Now, thanks to podcasting, people can see Shawnee cookie jars, Coca-Cola clocks and Marx windup toys featured at Don and Carol Raycraft's Third Sunday Market in Bloomington all the way from San Jose to Sri Lanka.

The Raycrafts have written about 50 books together over the course of 18 years of owning the 450-vendor antique and flea market that occupies the Interstate Center from May through October. But the Raycrafts' "Americana Price Guide" marks a unique venture between Raycraft and his son, R.C., a film producer.

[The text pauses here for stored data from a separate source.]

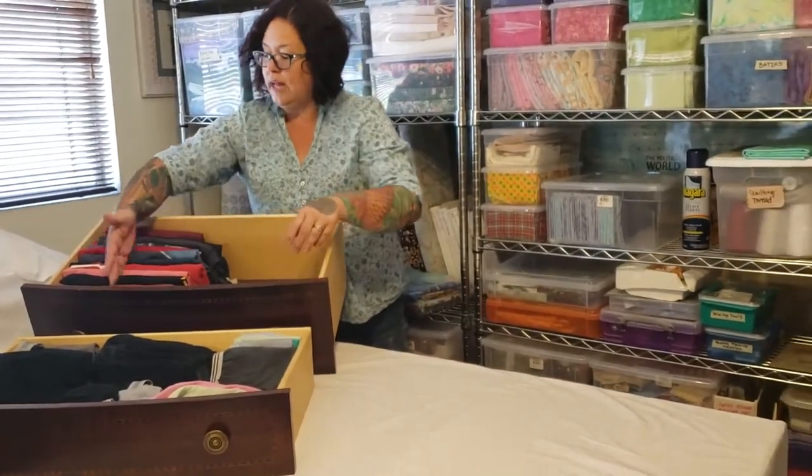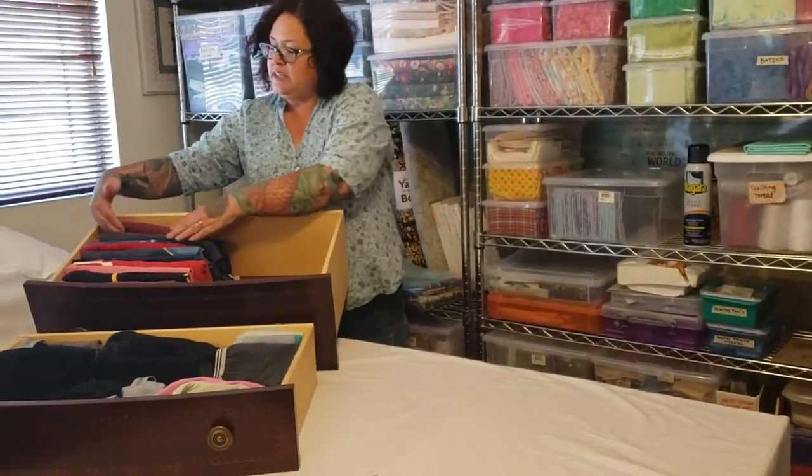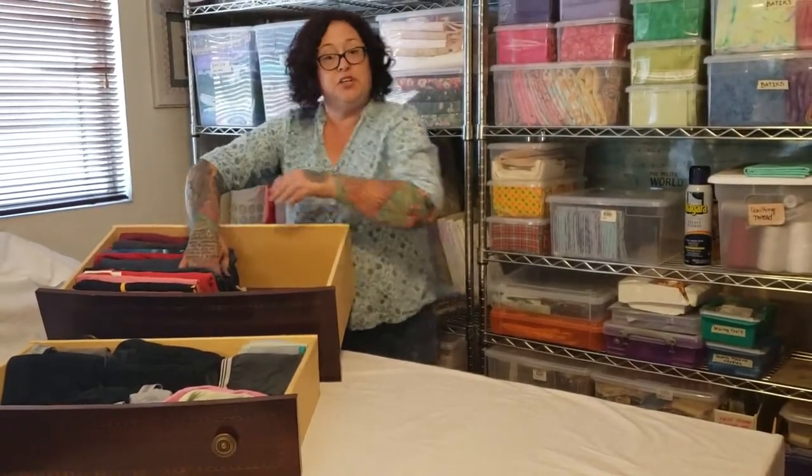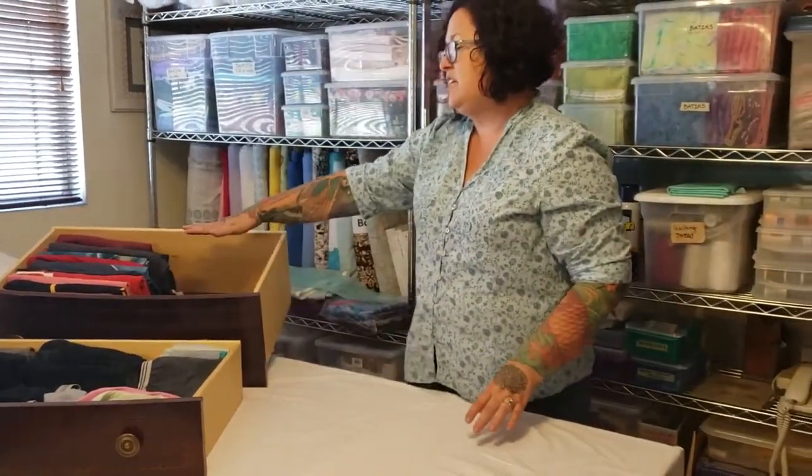When you have them all lined up in this manner, you can easily see which shirt is which. You can see the design on the front of the shirt, so you can easily pick out the shirt that you want to wear that day.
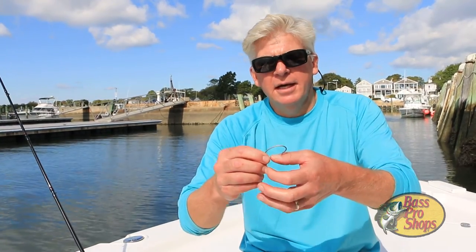So there you have it, a nice razor sharp hook that won't let you down. I'm Tom Richardson and this has been another Bass Pro Shops Pro Tip.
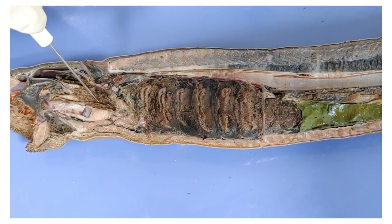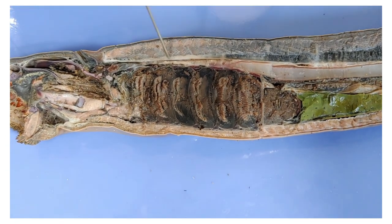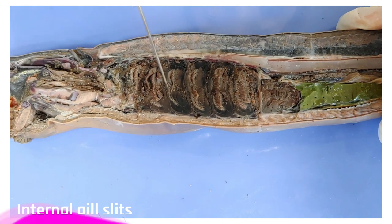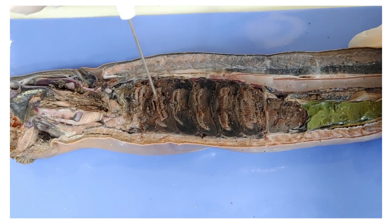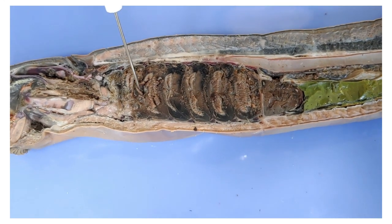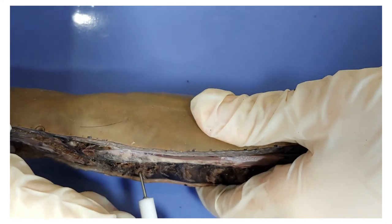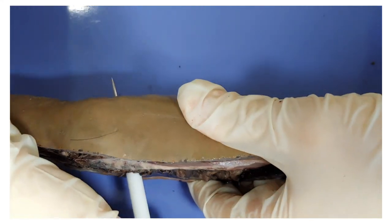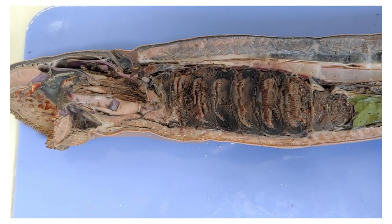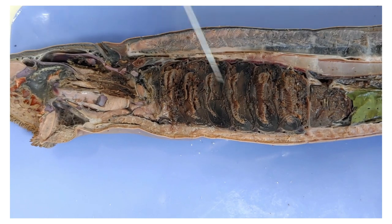Now we'll backtrack to the pharynx and follow the ventral branch. The ventral branch leads to the gills, which the lamprey uses to breathe. You can see they kind of look like stacked mushrooms. These holes here are the internal gill slits, and they're connected to the external gill slits we saw earlier. The lamprey takes in water through its mouth, which travels to the ventral branch of the pharynx, goes through gas exchange in the gills, and leaves through the gill slits.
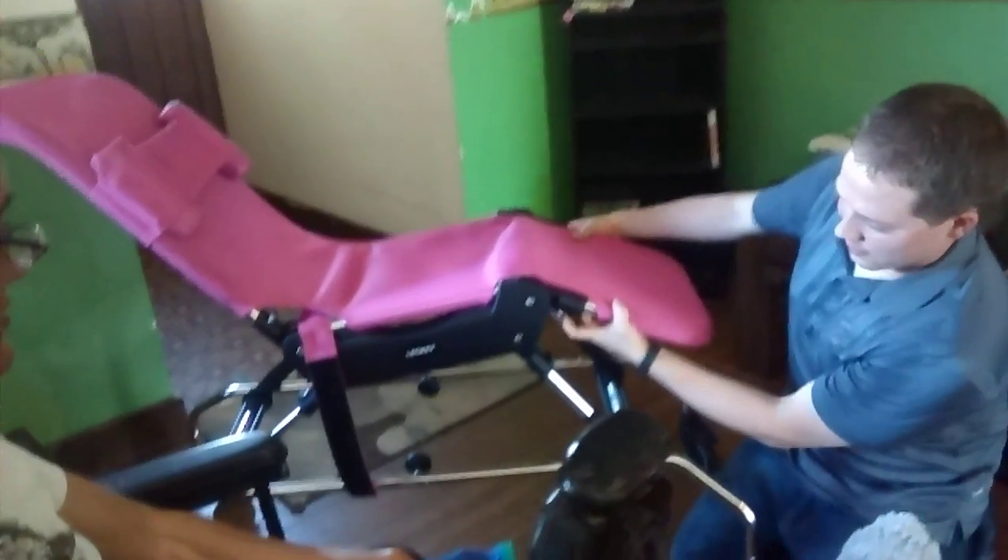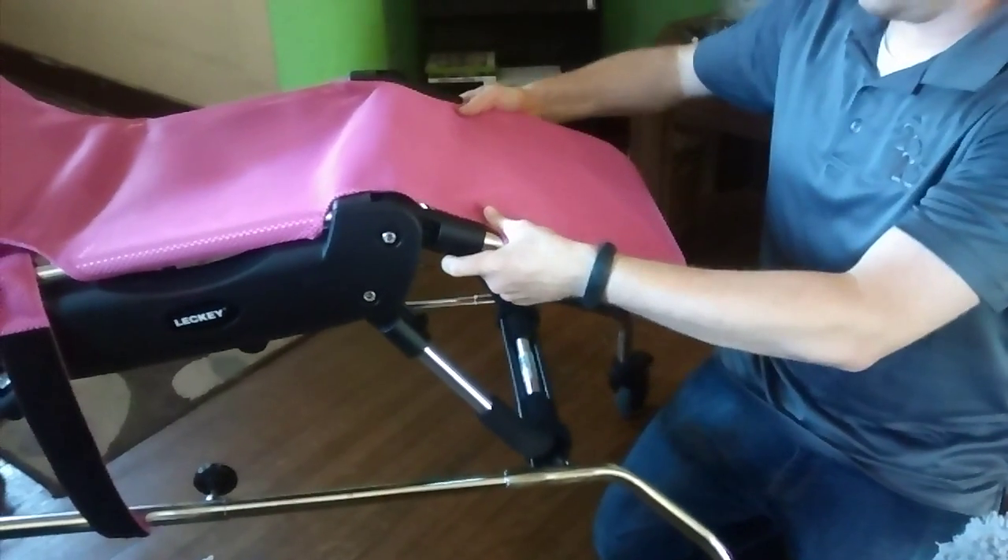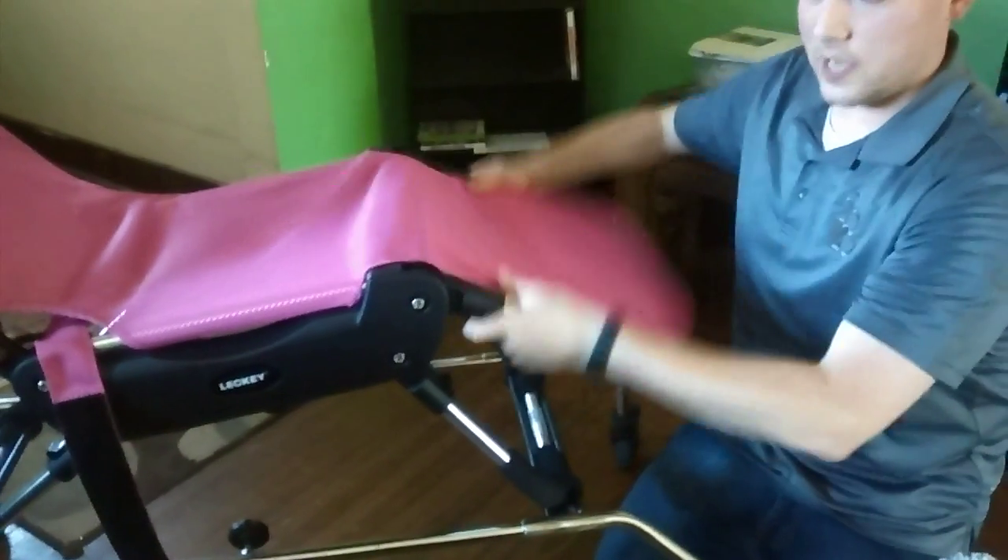If you need to adjust the legs, there's a button right here, just like that, and one on the other side. Pull that out and this will adjust up and down.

"Originally, I filmed Third Sunday Market for a television show that I'm marketing. It's about the dealers, what they sell and what to look for when buying and selling collectibles. It's more 'Sanford and Son' than the Antique Road Show," said R.C. Raycraft, owner of Raycraft Productions International. "The book comes with a DVD, so initially we thought we would just tell about the book online. Now we're using a podcast to sell the book."

Podcasting starts with video film, which gets condensed into digital files. The files can be downloaded to a computer, iPod or even a video cell phone.

R.C. first presented the antique book in podcast form on a Web site he created at raycraftsamericana.com the day after Thanksgiving. He's had 44,902 hits on the podcast that features 13 episodes running four to seven minutes.

Podcasting remains in its infancy.

The Pantagraph plans to begin podcasting audio programs in the next three to six months, said Michael Freimann, Pantagraph online editor. Details of podcast content are still being finalized, but Freimann said one idea would involve columnists reading their work.

"I couldn't tie my shoes until the fourth grade," joked Don Raycraft. "I am so unsophisticated that I only understand a small fraction of the process. We each bring special skills to the equation. He did most of the pictures for the book and I did the majority of the text."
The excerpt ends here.